Le mode d'exploitation introduit d'abord en Union soviétique par le régime stalinien, puis dans les États périphériques du bloc soviétique, n'était pas un mode de production. Il ne s'est pas soumis les forces productives, ni formellement ni réellement. Dans ces pays, la révolution industrielle, historiquement retardée et, avec son retard croissant, de plus en plus difficile à réaliser sous le capitalisme, n'a eu lieu à grande échelle qu'après son renversement - déjà sous la domination de la bureaucratie. Les forces productives qui se sont développées au cours et à la suite de cette révolution et des processus ultérieurs de modernisation et de développement social et économique ont été entièrement façonnées par le mode de production capitaliste. Elles ont été en partie héritées et dans la foulée multipliées, et en partie obtenues au moyen de l'importation des pays capitalistes, de l'imitation ou de l'emprunt. Le transfert en URSS, après la guerre, des équipements, des appareils et des technologies industrielles les plus modernes, ainsi que de milliers de scientifiques et de spécialistes, depuis la zone d'occupation soviétique de l'Allemagne, hautement industrialisée, y a énormément contribué (163). Dans toutes ces forces productives, ce qui se matérialisait, c'était le capital - elles l'incarnaient, mais en même temps, elles se trouvaient maintenant dépouillées de leur forme sociale capitaliste. La bureaucratie dominante ne les a pas transformées matériellement, de sorte qu'elles sont restées durablement ce qu'elles étaient lorsqu'elles ont été reprises aux capitalistes - la matérialisation du capital. Et ainsi la bureaucratie ne se les est pas réellement soumises. Elle ne leur a pas non plus donné une nouvelle forme sociale et ne se les est donc pas formellement soumises. " La matérialisation du capital a été libérée de la forme du capital qui la contrôlait, mais elle n'a pas été placée sous le contrôle d'un autre système organique de métabolisme social qui serait enraciné dans la base matérielle de l'économie et la transformerait plus ou moins rapidement, plus ou moins radicalement ». En bref, " le socialisme a été proclamé sans surmonter radicalement l'incarnation matérielle du capital » (164).

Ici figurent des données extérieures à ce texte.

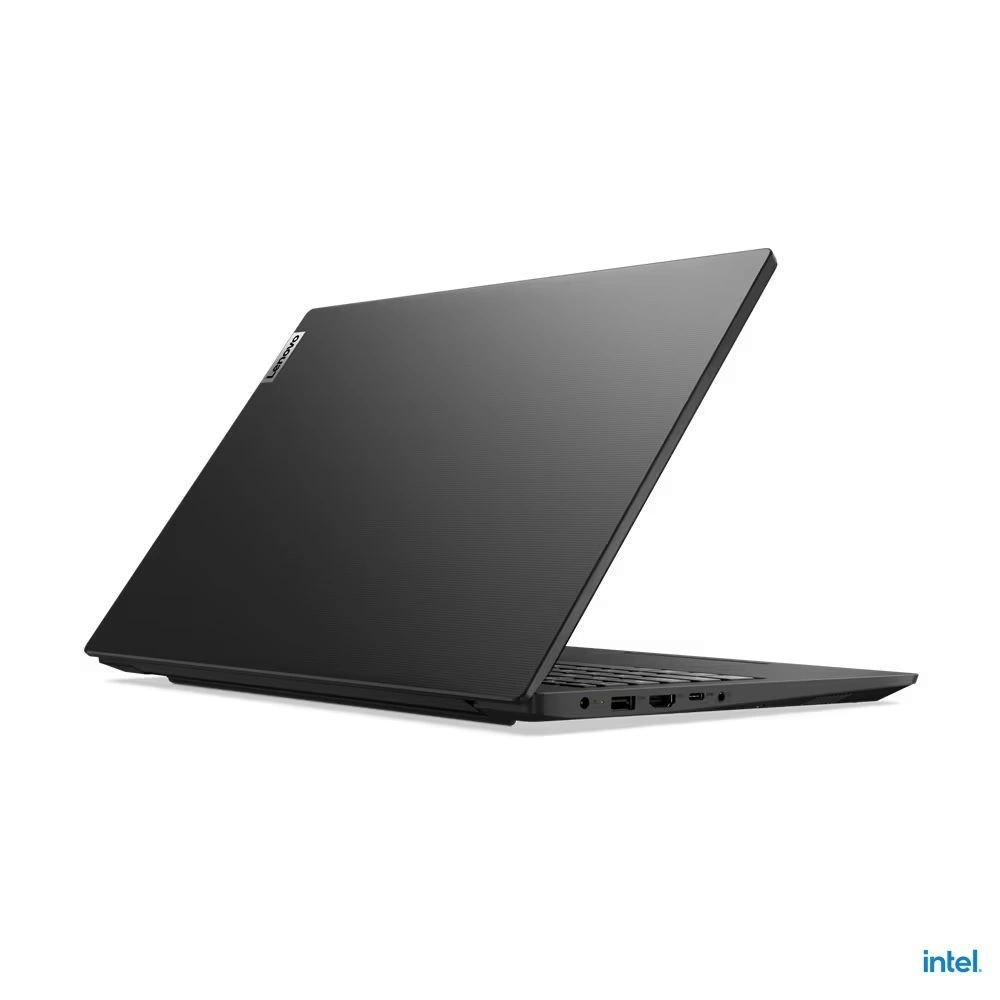 Lenovo V15 G2 IJL 15,6"FHD/Intel Celeron N4500/8GB/256GB/Int.VGA/Win11 Pro/fekete laptop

Dans l'usine a été préservé l'héritage du capitalisme : " la division hiérarchique du travail, à commencer par ceux d'en bas, qui exécutent les ordres des autres, jusqu'à ceux d'en haut, qui sont impliqués dans les processus des plans quinquennaux. Toute la configuration humaine/matérielle de la technique du capital a été répliquée » (165). Mais l'usine n'était plus soumise à la loi de la valeur, pas plus qu'elle n'a commencé à l'être au principe de planification. Elle n'a pas fonctionné dans une économie planifiée, car seuls les bureaucrates pensaient qu'ils planifiaient et, plus encore, que leur planification non seulement régulait l'économie, mais le faisait incomparablement mieux que la loi de la valeur qui régit l'économie capitaliste. Soit ils ne saisissaient pas, soit ils n'ont pas voulu comprendre, qu'il est impossible de planifier sans la participation collective des producteurs immédiats, d'autant plus quand on est dans un rapport d'exploitation antagoniste avec eux. L'économie et la société modernes sont régies soit par la loi de la valeur, soit par le principe de la planification. Il n'y a pas d'autres possibilités.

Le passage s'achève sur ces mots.